TASK TO CARRY OUT: Search for the word "dining" in the entries. Each line that holds it should be copied.

PROVIDED MATERIAL:
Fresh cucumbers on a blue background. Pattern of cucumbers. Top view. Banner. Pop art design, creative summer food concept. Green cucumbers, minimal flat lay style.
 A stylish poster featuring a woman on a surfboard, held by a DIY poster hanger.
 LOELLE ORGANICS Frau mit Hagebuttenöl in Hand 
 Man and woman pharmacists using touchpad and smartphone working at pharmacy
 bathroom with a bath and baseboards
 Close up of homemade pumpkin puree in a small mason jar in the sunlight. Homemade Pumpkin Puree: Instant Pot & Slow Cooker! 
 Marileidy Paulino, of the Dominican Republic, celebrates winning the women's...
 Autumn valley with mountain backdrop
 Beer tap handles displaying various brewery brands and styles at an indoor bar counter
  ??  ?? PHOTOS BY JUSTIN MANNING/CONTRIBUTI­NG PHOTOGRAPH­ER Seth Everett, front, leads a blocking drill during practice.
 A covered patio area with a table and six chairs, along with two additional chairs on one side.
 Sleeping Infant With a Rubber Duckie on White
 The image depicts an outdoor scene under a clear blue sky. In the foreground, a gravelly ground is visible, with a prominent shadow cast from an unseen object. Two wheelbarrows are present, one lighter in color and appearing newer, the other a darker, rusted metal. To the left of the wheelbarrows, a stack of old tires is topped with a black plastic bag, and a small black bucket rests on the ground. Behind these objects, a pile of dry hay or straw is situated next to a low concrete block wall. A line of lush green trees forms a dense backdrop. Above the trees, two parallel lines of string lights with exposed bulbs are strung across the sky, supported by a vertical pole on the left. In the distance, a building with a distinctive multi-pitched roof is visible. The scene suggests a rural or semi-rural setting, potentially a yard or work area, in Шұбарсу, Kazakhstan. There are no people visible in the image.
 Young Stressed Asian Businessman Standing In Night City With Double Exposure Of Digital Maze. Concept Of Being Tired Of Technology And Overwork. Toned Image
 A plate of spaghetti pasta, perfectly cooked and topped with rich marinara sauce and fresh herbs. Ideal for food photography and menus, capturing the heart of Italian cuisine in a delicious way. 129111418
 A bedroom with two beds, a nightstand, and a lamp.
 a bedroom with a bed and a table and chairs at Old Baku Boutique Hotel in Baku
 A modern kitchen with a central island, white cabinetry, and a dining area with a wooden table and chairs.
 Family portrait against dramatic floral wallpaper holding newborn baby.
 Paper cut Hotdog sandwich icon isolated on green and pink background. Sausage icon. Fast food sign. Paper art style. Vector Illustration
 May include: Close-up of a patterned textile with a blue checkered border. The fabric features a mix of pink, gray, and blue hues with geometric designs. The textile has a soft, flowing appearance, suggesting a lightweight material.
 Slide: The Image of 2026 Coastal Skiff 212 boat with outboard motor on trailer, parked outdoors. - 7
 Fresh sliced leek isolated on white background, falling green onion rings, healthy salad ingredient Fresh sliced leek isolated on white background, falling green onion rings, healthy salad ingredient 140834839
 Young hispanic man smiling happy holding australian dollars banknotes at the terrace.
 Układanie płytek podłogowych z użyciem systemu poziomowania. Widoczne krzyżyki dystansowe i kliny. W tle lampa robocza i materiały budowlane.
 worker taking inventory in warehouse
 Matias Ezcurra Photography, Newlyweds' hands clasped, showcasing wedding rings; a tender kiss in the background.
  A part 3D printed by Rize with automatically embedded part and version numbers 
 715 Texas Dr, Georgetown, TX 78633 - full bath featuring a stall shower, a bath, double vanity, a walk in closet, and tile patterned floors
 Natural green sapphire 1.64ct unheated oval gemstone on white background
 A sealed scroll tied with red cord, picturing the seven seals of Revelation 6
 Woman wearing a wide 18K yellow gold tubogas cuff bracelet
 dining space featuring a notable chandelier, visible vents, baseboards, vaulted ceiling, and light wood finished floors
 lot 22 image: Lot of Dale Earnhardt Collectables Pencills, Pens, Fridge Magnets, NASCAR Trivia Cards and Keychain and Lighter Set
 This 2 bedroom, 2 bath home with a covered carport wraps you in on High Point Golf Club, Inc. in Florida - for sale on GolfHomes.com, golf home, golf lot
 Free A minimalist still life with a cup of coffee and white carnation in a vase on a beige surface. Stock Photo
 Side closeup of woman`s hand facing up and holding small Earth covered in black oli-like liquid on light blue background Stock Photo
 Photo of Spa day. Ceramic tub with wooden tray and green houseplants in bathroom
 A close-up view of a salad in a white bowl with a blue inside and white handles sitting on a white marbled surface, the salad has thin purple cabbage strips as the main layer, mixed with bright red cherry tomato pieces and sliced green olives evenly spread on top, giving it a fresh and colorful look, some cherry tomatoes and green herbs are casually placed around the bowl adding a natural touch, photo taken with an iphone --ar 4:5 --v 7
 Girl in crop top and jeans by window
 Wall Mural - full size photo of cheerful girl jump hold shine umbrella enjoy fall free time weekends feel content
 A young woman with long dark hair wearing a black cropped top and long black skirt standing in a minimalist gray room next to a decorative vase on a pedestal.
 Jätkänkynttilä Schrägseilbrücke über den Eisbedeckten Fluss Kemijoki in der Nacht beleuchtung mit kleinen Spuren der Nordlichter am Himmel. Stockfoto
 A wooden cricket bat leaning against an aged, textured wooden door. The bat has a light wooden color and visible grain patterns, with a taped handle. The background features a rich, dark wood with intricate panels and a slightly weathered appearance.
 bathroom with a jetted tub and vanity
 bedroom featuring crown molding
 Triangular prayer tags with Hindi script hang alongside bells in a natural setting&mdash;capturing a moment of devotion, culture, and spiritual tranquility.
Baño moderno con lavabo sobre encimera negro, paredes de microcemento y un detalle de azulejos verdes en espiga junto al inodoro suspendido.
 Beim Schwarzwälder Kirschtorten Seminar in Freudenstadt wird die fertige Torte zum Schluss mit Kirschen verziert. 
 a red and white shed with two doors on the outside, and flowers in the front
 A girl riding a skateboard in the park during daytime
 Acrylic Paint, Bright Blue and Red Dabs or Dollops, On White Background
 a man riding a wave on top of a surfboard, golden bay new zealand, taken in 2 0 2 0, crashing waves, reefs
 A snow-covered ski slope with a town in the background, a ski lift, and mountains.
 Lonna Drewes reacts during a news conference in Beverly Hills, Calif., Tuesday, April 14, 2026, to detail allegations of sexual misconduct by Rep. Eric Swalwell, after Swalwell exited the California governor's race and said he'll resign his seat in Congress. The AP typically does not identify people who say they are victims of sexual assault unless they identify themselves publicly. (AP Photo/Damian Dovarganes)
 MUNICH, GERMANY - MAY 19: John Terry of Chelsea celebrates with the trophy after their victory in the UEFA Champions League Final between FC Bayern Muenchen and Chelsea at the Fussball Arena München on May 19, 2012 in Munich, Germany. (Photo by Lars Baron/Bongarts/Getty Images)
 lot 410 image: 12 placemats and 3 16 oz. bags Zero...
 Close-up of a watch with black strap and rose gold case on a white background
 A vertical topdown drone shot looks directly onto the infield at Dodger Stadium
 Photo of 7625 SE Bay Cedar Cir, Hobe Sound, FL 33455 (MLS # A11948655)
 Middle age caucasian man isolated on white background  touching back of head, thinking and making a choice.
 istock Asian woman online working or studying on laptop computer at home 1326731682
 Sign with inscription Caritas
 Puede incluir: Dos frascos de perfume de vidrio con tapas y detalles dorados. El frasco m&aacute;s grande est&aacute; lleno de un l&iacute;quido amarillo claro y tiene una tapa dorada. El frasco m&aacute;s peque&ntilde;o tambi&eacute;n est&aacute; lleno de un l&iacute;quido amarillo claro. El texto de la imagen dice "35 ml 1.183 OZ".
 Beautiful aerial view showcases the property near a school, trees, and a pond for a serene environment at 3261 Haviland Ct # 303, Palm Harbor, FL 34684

WRITTEN ANSWER:
 A modern kitchen with a central island, white cabinetry, and a dining area with a wooden table and chairs.
 dining space featuring a notable chandelier, visible vents, baseboards, vaulted ceiling, and light wood finished floors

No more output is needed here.